• [SOURCE DATA]:

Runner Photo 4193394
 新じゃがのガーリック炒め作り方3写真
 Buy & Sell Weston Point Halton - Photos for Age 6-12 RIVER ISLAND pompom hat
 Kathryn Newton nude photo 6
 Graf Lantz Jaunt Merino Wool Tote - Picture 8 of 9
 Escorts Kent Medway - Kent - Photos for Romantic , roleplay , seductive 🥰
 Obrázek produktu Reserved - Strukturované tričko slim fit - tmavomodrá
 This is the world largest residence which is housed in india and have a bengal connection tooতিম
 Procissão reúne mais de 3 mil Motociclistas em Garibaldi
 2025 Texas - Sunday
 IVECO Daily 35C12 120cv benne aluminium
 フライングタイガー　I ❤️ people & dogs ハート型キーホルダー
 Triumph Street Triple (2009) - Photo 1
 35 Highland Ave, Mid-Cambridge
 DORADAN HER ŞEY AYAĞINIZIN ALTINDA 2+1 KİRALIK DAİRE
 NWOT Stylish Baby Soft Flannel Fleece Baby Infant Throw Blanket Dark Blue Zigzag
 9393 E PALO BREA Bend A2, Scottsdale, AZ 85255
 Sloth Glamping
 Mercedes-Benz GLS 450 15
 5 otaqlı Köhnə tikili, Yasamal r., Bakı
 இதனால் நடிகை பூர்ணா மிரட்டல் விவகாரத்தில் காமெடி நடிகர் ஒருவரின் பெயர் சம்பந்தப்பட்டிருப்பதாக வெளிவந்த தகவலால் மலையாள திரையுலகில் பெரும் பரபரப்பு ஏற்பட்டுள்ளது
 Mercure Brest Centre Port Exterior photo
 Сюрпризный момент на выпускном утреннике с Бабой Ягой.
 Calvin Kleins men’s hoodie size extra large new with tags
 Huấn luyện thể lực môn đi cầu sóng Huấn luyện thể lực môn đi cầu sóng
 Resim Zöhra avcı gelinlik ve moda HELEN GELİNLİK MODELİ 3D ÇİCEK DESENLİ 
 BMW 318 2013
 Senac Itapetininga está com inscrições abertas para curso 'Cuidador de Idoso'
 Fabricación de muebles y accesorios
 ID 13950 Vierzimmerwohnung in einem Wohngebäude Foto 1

• [TASK BRIEF]:
Please transcribe the entries above exactly as written.

• [RESPONSE AREA]:
Runner Photo 4193394
 新じゃがのガーリック炒め作り方3写真
 Buy & Sell Weston Point Halton - Photos for Age 6-12 RIVER ISLAND pompom hat
 Kathryn Newton nude photo 6
 Graf Lantz Jaunt Merino Wool Tote - Picture 8 of 9
 Escorts Kent Medway - Kent - Photos for Romantic , roleplay , seductive 🥰
 Obrázek produktu Reserved - Strukturované tričko slim fit - tmavomodrá
 This is the world largest residence which is housed in india and have a bengal connection tooতিম
 Procissão reúne mais de 3 mil Motociclistas em Garibaldi
 2025 Texas - Sunday
 IVECO Daily 35C12 120cv benne aluminium
 フライングタイガー　I ❤️ people & dogs ハート型キーホルダー
 Triumph Street Triple (2009) - Photo 1
 35 Highland Ave, Mid-Cambridge
 DORADAN HER ŞEY AYAĞINIZIN ALTINDA 2+1 KİRALIK DAİRE
 NWOT Stylish Baby Soft Flannel Fleece Baby Infant Throw Blanket Dark Blue Zigzag
 9393 E PALO BREA Bend A2, Scottsdale, AZ 85255
 Sloth Glamping
 Mercedes-Benz GLS 450 15
 5 otaqlı Köhnə tikili, Yasamal r., Bakı
 இதனால் நடிகை பூர்ணா மிரட்டல் விவகாரத்தில் காமெடி நடிகர் ஒருவரின் பெயர் சம்பந்தப்பட்டிருப்பதாக வெளிவந்த தகவலால் மலையாள திரையுலகில் பெரும் பரபரப்பு ஏற்பட்டுள்ளது
 Mercure Brest Centre Port Exterior photo
 Сюрпризный момент на выпускном утреннике с Бабой Ягой.
 Calvin Kleins men’s hoodie size extra large new with tags
 Huấn luyện thể lực môn đi cầu sóng Huấn luyện thể lực môn đi cầu sóng
 Resim Zöhra avcı gelinlik ve moda HELEN GELİNLİK MODELİ 3D ÇİCEK DESENLİ 
 BMW 318 2013
 Senac Itapetininga está com inscrições abertas para curso 'Cuidador de Idoso'
 Fabricación de muebles y accesorios
 ID 13950 Vierzimmerwohnung in einem Wohngebäude Foto 1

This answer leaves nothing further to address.